Given the following query:
WITH t as (
SELECT name, array_agg(DISTINCT("age", "gender")) as "ages_and_genders"
FROM (
SELECT * FROM (VALUES ('bob', 33, 'm'), ('bob', 33, 'f'), ('alice', 30, 'f')) AS t ("name","age", "gender")
) as t
GROUP BY name
)
SELECT name, "ages_and_genders"[1]
FROM t
WHERE array_length("ages_and_genders", 1) = 1
How do I go about breaking apart the record/tuple returned into the "age" and "gender" as separate columns?
I expect to get back a result:
name | age | gender
-------------------
"alice" | 30 | 'f'
Postgres cannot decompose anonymous record types. To access individual fields, the nested structure must be known. Cast to a well-known row type. If no matching type exists, yet, register one first. There are various ways. For ad-hoc use, a "temporary" type (undocumented) is advisable. (For repeated use, register a plain type.)
By default, the value created by a
ROW
expression is of an anonymous record type. If necessary, it can be cast to a named composite type — either the row type of a table, or a composite type created withCREATE TYPE AS
. An explicit cast might be needed to avoid ambiguity.
Run once in your session:
CREATE TYPE pg_temp.my_int_txt AS (age int, gender text);
Then, with a drop-in fix (preserving other awkward syntax):
WITH t as (
SELECT name, array_agg(DISTINCT("age", "gender")::pg_temp.my_int_txt) as "ages_and_genders"
FROM (
SELECT * FROM (VALUES ('bob', 33, 'm'), ('bob', 33, 'f'), ('alice', 30, 'f')) AS t ("name","age", "gender")
) as t
GROUP BY name
)
SELECT name, ("ages_and_genders"[1]).age, ("ages_and_genders"[1]).gender
FROM t
WHERE array_length("ages_and_genders", 1) = 1;
The same, consolidated:
WITH cte AS (
SELECT name, array_agg(DISTINCT ROW(age, gender)::pg_temp.my_int_txt) AS ag
FROM (
VALUES
('bob' , 33, 'm')
, ('bob' , 33, 'f')
, ('alice', 30, 'f')
) AS t (name, age, gender)
GROUP BY name
)
SELECT name, (ag[1]).*
FROM cte
WHERE cardinality(ag) = 1;
Of course, I still wouldn't use that.
Typically, there are much simpler and faster solutions. Like:
SELECT name, min(age) AS age, min(gender) AS gender
FROM (
VALUES
('bob' , 33, 'm')
, ('bob' , 33, 'f')
, ('alice', 30, 'f')
) AS t (name, age, gender)
GROUP BY name
HAVING count(DISTINCT (age, gender)) = 1;
Or:
WITH cte(name, age, gender) AS (
VALUES
('bob' , 33, "char" 'm')
, ('bob' , 33, 'f')
, ('alice', 30, 'f')
)
SELECT SELECT DISTINCT ON (name) *
FROM cte t
WHERE NOT EXISTS (
SELECT FROM cte t1
WHERE t1.name = t.name
AND (t1.age, t1.gender) IS DISTINCT FROM (t.age, t.gender)
);
If age
and gender
are NOT NULL
, you can simplify.
You may not be aware of all the things going on in your code example.

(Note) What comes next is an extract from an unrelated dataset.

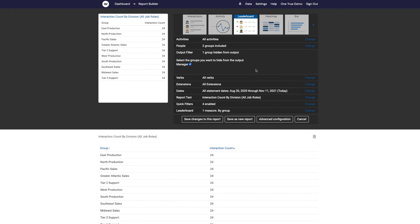And this report is now showing me all of the divisions, number of interactions for the people in those divisions, but it's just showing me that for managers. This report has been filtered for managers, but managers don't appear in the list of groups.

You don't need SELECT * FROM (VALUES ...
in this context. The VALUES
expression can stand on its own.
The simple string and numeric constants default to the basic types text
and integer
. For other data you may want explicit type declarations.
For example, it's typically better to work with birthdays instead of age. The type date
would need an explicit cast or declaration in the first input row (or any, really) like:
WITH t(name, birthday, gender) AS (
VALUES
('bob', date '1990-06-01', 'm') -- !
, ('bob', '1990-06-01', 'f')
...
DISTINCT
is not a function. In your query, it's a syntax element of the aggregate function.
And ("age", "gender")
is a ROW constructor (with redundant double-quotes).
Clear syntax for both: array_agg(DISTINCT ROW(age, gender))
.
If all values are NOT NULL
, simpler expressions are possible. My given queries are null-safe.
Postgres' handling of anonymous records is a bit lacking in corner case situations. Not least because few care, as there are almost always better solutions.
For functions returning anonymous records, you can append a column definition list. Not applicable here.